LA CENTER — The halls of La Center High School are like wings of an eclectic museum, where artwork from various periods, of different styles and motifs, mingle.
There are presidential photos shot by Pulitzer Prize winner David Hume Kennerly in a hallway. There’s a sarcophagus mask from Egypt behind a Plexiglas case in the library. And, hanging atop the school’s front entrance, a massive sculpture representing the solar system expands across the ceiling.
Art and drama teacher Don Landes-McCullough is the school’s archivist, its curator and its biggest cheerleader.
But after a 30-year teaching career, he’s calling it quits. Landes-McCullough will retire at the end of the school year.
Looking closely at a model of the HMS Victory — the oldest naval vessel still in commission, the replica of which is displayed in the school’s library — Landes-McCullough reflected on a decades-spanning career spent bringing students closer to art.
“There’s so much detail in here,” he said, referencing the art displays in the library, and elsewhere in the school, “because everything here was chosen for a reason.”
For decades, Landes-McCullough was the point person for making those decisions. In 2005, he contributed $13,500 worth of art to the school. A lifelong art lover, self-taught in various media, those who know him say he isn’t above spending his own time or money on artistic pursuits.
He’s twice traveled to Italy to study marble carving. He regularly writes his own plays — including his latest, “Prairie Matinee,” melding improv, scripted theater and videotaped segments. And he’s taken students to glass sculpture conventions in Seattle.
That’s plenty of balls to have in the air — and Landes-McCullough doesn’t even teach juggling.
Teaching both drama and art, Landes-McCullough rarely has had time to sit still, but he concedes, “They can cross paths.”
“If I ever have a moment, though, I’m very ADHD. I cannot stop; I cannot sit,” he said. “So even though I was in the middle of just intense work on (“Prairie Matinee”), I had no time at all. But I still fit it in, because I can’t sit still.”
Landes-McCullough’s retirement will be spent at his art business, Splendid Season, and traveling to Italy, where he made friends during his previous art-based adventures there.
The retirement has reverberated outside the walls of the high school, with community members trying to start a scholarship endowment in his name.
La Center City Councilor Elizabeth Cervany is one of the community members pushing for the scholarship to take shape. However, before that happens, she and others will have to raise $10,000.
Cervany has known Landes-McCullough since she moved to La Center in 1992.
During the early 2000s, Landes-McCullough and Cervany helped organize the La Center Arts Festival, which brought various artists and craftsmen to the city, along with an estimated 2,500 visitors.
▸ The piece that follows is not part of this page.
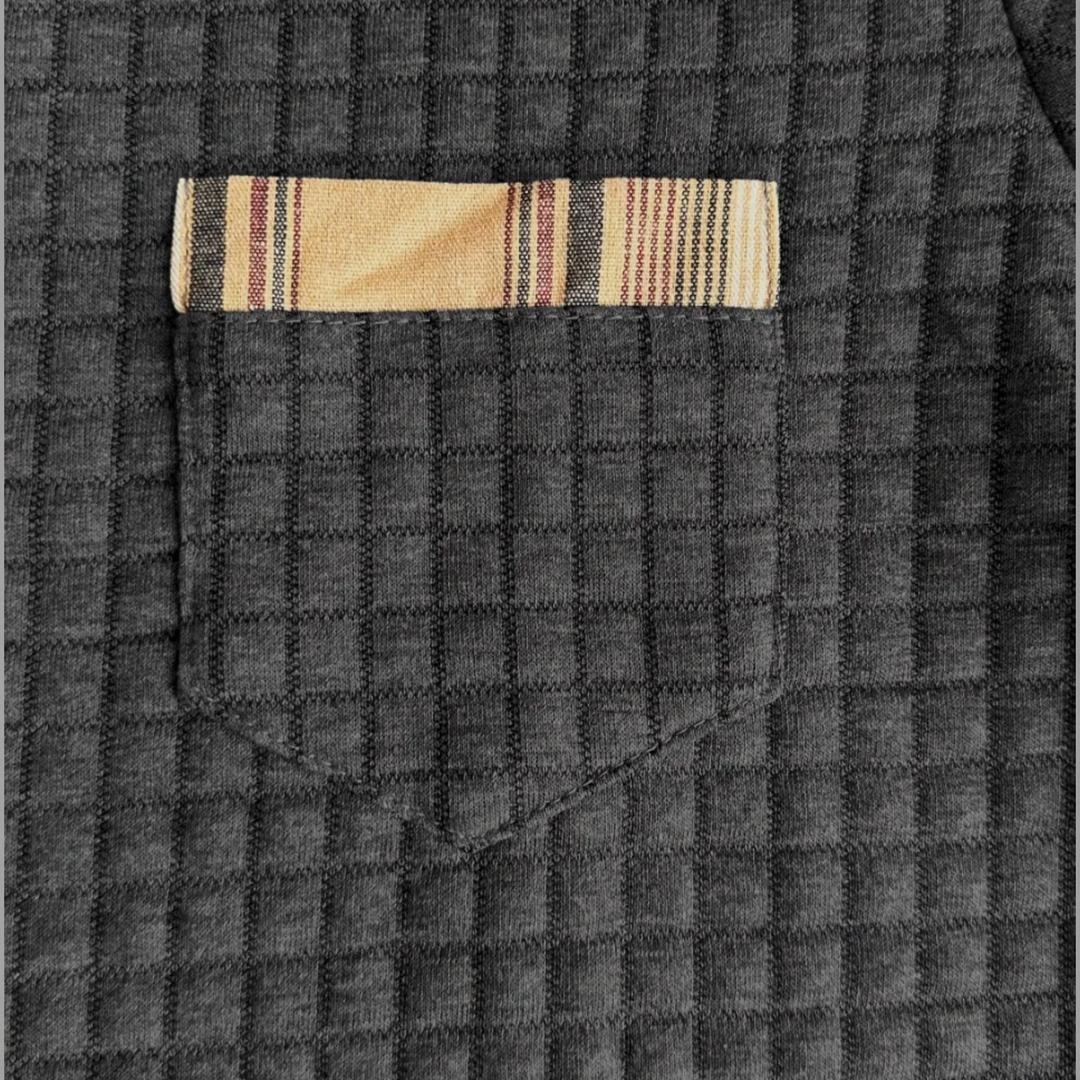 Alistair autumn waffle polo jumper, product photo on a plain background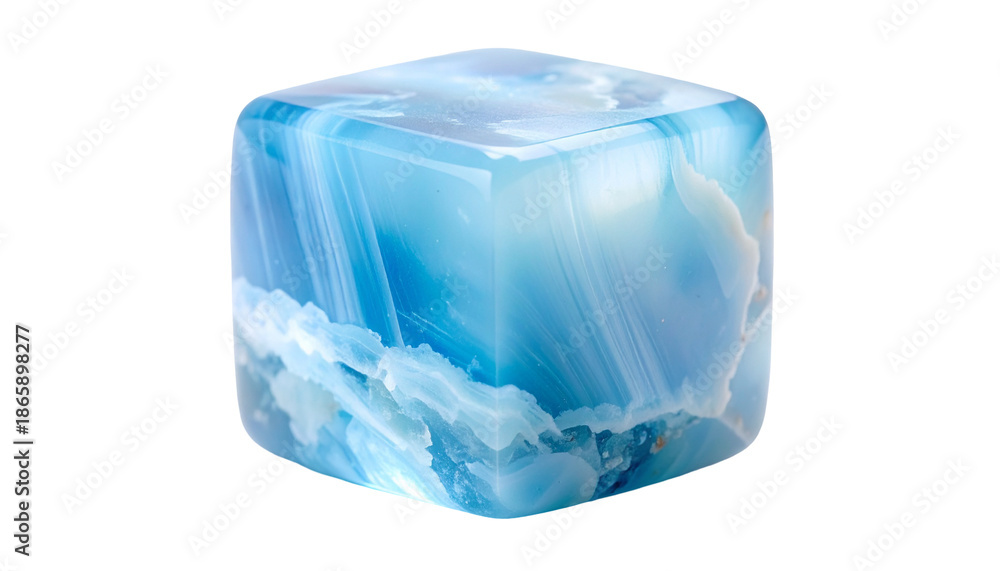 Fototapeta premium A semi-transparent cube with swirling blue and white patterns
Some of the artists were big names in their fields, including glass artists Dale Chihuly and Fritz Dreisbach, along with contemporary artist David Garcia.
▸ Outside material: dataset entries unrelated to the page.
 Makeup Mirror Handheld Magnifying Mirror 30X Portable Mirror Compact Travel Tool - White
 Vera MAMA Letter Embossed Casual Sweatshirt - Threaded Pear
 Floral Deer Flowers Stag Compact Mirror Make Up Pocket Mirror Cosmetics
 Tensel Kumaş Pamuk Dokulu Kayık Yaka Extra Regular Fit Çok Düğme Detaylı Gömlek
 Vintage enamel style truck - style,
“His passion is one of those contagious things that instills other people with excitement,” Cervany said. “He’s done some amazing things for such a small district. Even bigger schools don’t have what it has.”
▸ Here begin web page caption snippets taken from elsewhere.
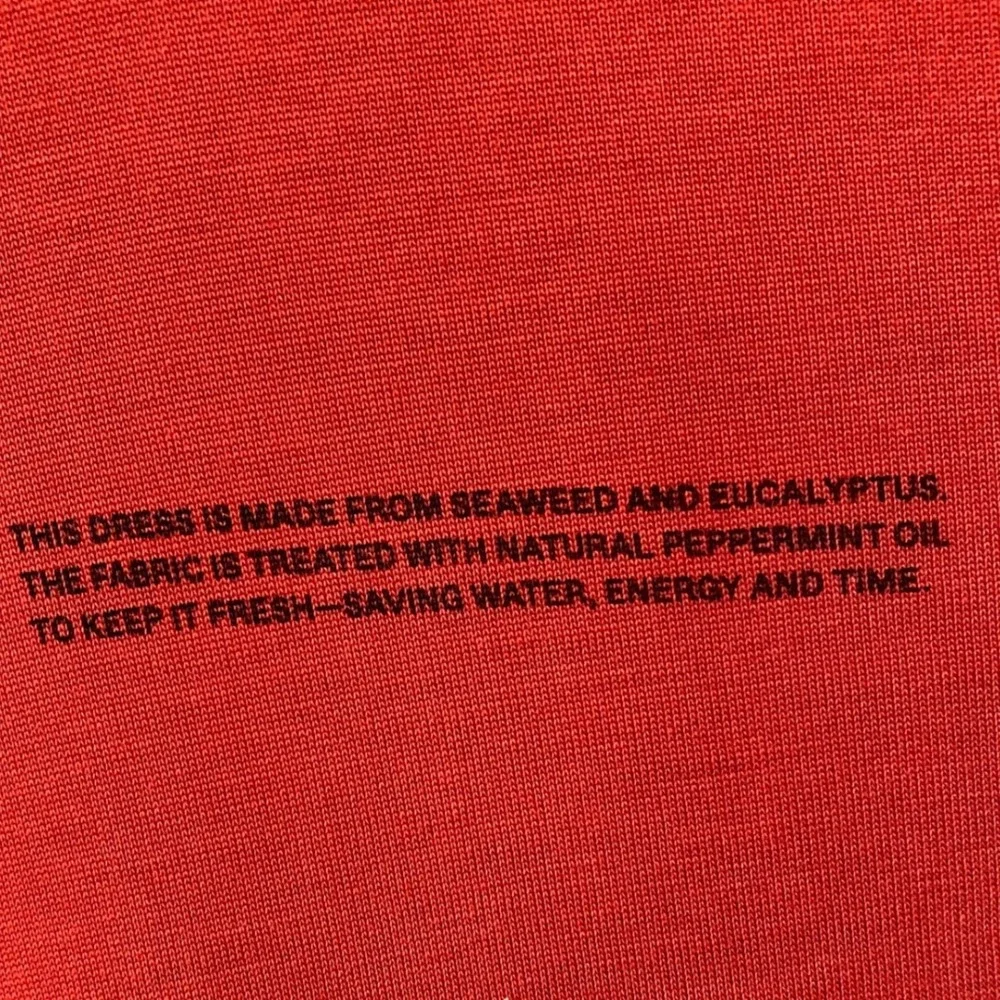 Pangaia Red Long‎ Sleeve Turtle Neck Midi Dress SeaCell Peppermint Treated Sz XL - Picture 5 of 9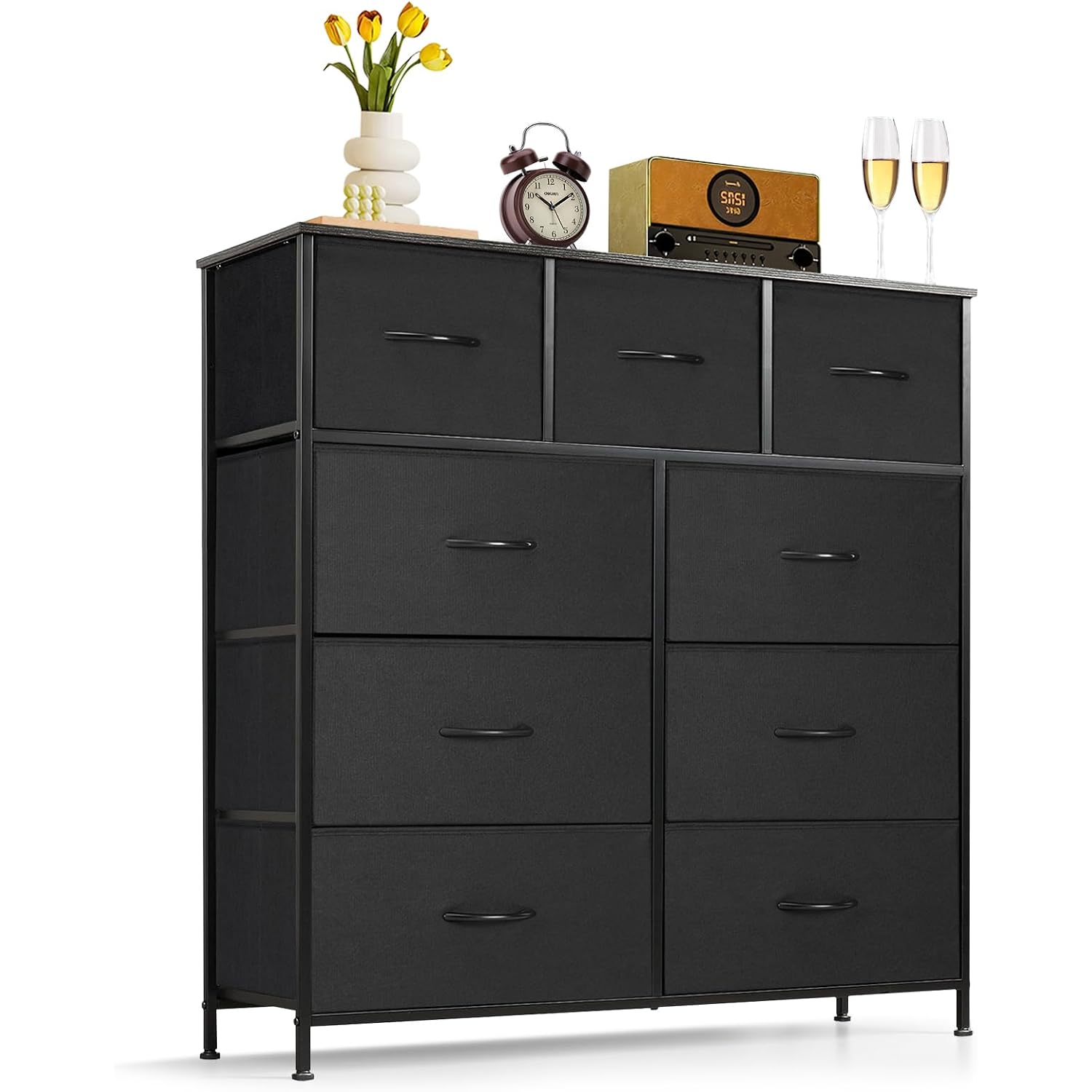 9-Drawer Dresser For Bedroom, Anti-Tip Tall Storage Organizer | Chest Of Drawers With Wooden Top And Metal Frame Fabric Bins For Closet, Living Room, Hallway, Entryway, Black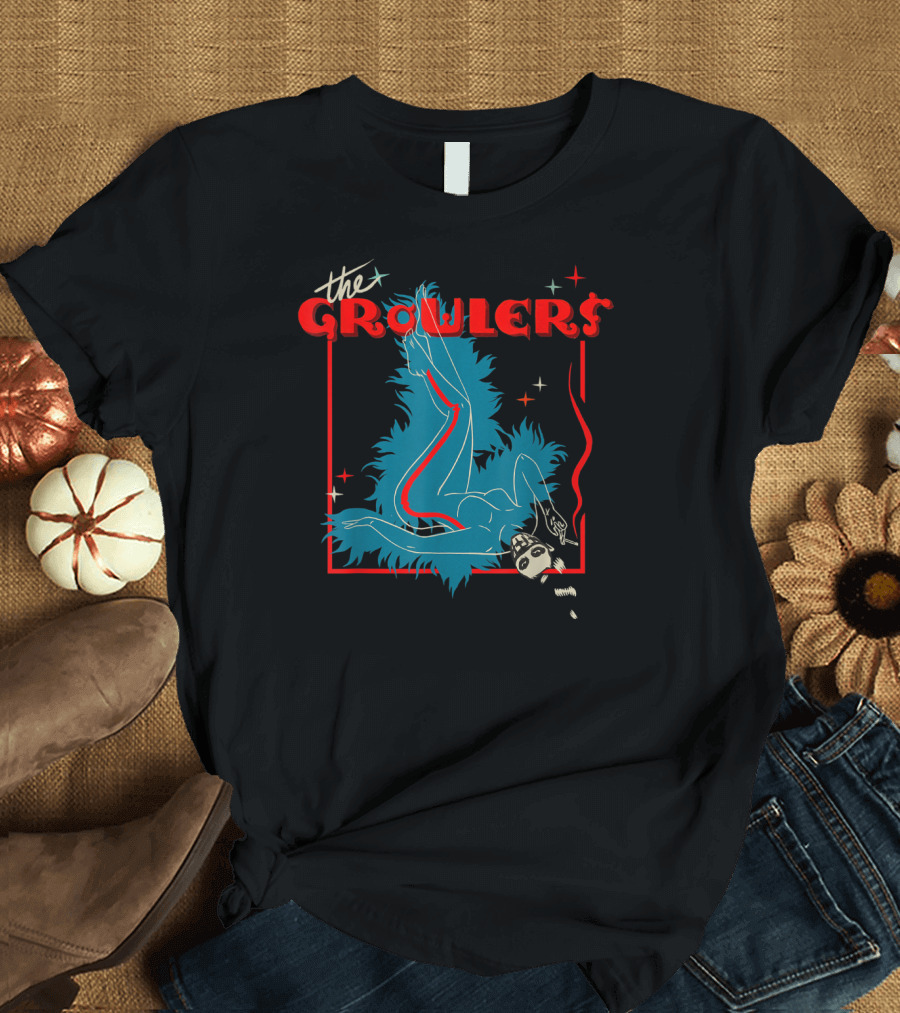 The Growlers Vintage Pop Music Art with Retro Figure and Star Accents T-Shirt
The scholarship, $1,000 or $2,000 a year, would be awarded to students interested in pursuing the arts later in life. So far, Cervany and La Center resident Barbara Barnhart are the sole contributors to the fund.
Landes-McCullough said he didn’t know about the scholarship endowment, but was flattered nonetheless. But it fits his goal: inspiring students to pursue creative lives outside of school.
His final project is intended to do just that. It will meld photography, costume design and theater.
Students are designing paper costumes centered on fairy tale themes. Actors will wear the costumes and be photographed in front of a backdrop as they act out a scene.
As part of the project, Landes-McCullough is teaching the students how to make prosthetics, so they can transform actors into strange-looking creatures. The end results — photographed scenes of wonder — will go into the students’ professional portfolio.
With retirement looming, Landes-McCullough vows not to forget about art. For the guy who can’t sit still, that’s not in his nature.
“I think I was born doing art,” he said. “It was just something I always did.”